Zwischen den Befunden der spätrepublikanischen Zeit und der vermuteten flavischen Bauzeit des Kolosseums besteht eine chronologische Lücke. Daraus folgt zwingend, dass nach den beschriebenen Befunden das Kolosseum spätestens in die spätrepublikanische Zeit und zwar in den Zeitraum vom Ende des 2. Jhs. bis in die 1. Hälfte des 1. Jhs. v. Chr. datiert werden muss.

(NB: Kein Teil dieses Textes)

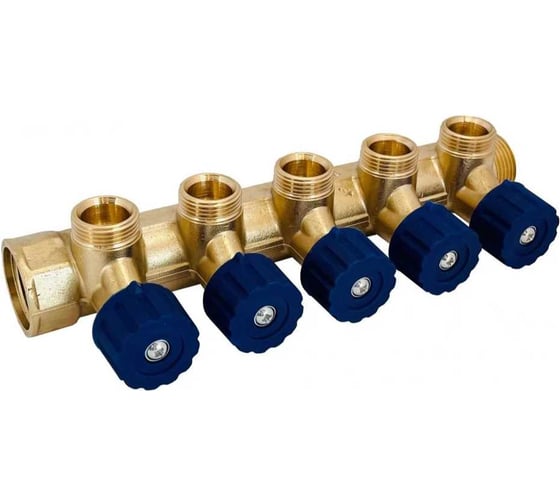 Изображение товара Коллектор латунный Апогей КЛА 2005.045-4У-ВГР(С)-15 DN20 ВР3/4- НР3/4 м/о 45 мм НР1/2''ЕК с регулирующими вентильными головками синими на 5 выходов 411016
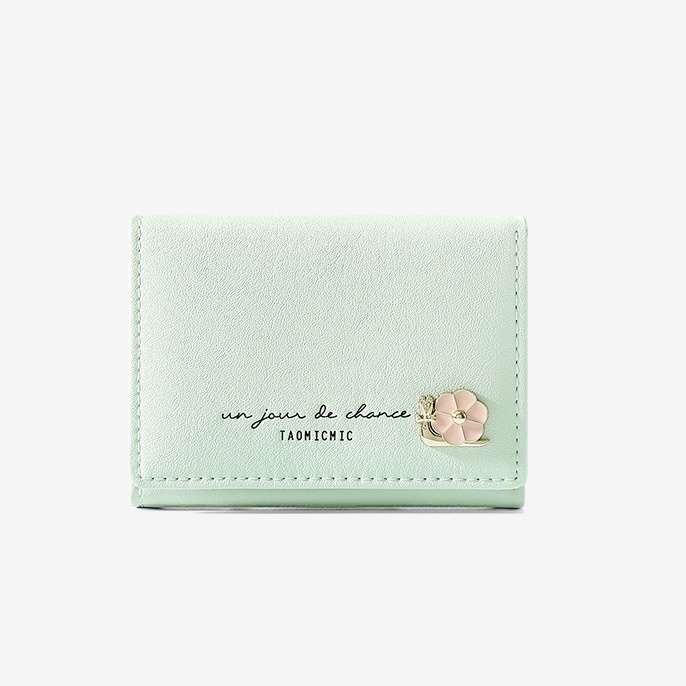 Faya - Ví ngắn cầm tay ngăn bấm đính hoa V161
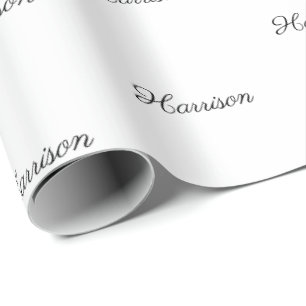 Benutzerdefiniertes schwarzes Skript Name Text ele Geschenkpapier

Nach der Planung und Ausführung der Fundamente während der Herrschaft des Kaisers Vespasian wurden im Jahr 80 n. Chr. die Einweihungsspiele von dessen Sohn Titus veranlasst. Das aufgehende Mauerwerk stammt angeblich aus der Regierungszeit des Titus und Domitian. 28Angesichts der für ein Bauwerk dieser Dimension auffallend kurzen Zeitspanne vom Entwurf bis zur Einweihung (ca. zehn Jahre) und der chronologischen Lücke im Fundmaterial überrascht vor allem die Tatsache, dass aus dem vermeintlich flavischen Bauniveau keine flavischen Funde erwähnt wurden.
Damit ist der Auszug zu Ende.